YOUR GOAL: Look for the line that has "NAPSNAPS Striped Lace" in the material below; please repeat it and every line after it, exactly, up to and including the line that has "Archivist working in", and nothing else.

ENTRIES SUPPLIED:
◇ ◇ ◇ ◇

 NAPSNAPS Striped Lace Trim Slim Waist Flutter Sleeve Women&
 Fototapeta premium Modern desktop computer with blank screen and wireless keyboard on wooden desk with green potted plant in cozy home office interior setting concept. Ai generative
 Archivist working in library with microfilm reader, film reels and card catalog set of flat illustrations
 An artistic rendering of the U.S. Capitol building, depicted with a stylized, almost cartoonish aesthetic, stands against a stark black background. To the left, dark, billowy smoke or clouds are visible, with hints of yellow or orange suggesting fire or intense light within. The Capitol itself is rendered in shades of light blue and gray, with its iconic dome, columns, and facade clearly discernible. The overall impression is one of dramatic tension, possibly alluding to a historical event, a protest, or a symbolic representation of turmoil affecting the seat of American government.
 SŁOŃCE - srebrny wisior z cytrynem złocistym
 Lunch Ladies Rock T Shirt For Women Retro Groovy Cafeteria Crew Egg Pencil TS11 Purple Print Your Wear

◇ ◇ ◇ ◇

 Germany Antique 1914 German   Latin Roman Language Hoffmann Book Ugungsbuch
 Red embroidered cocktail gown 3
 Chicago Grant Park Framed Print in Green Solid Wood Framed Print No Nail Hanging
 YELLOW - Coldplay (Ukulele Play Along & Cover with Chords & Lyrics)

◇ ◇ ◇ ◇

RESULT:
 NAPSNAPS Striped Lace Trim Slim Waist Flutter Sleeve Women&
 Fototapeta premium Modern desktop computer with blank screen and wireless keyboard on wooden desk with green potted plant in cozy home office interior setting concept. Ai generative
 Archivist working in library with microfilm reader, film reels and card catalog set of flat illustrations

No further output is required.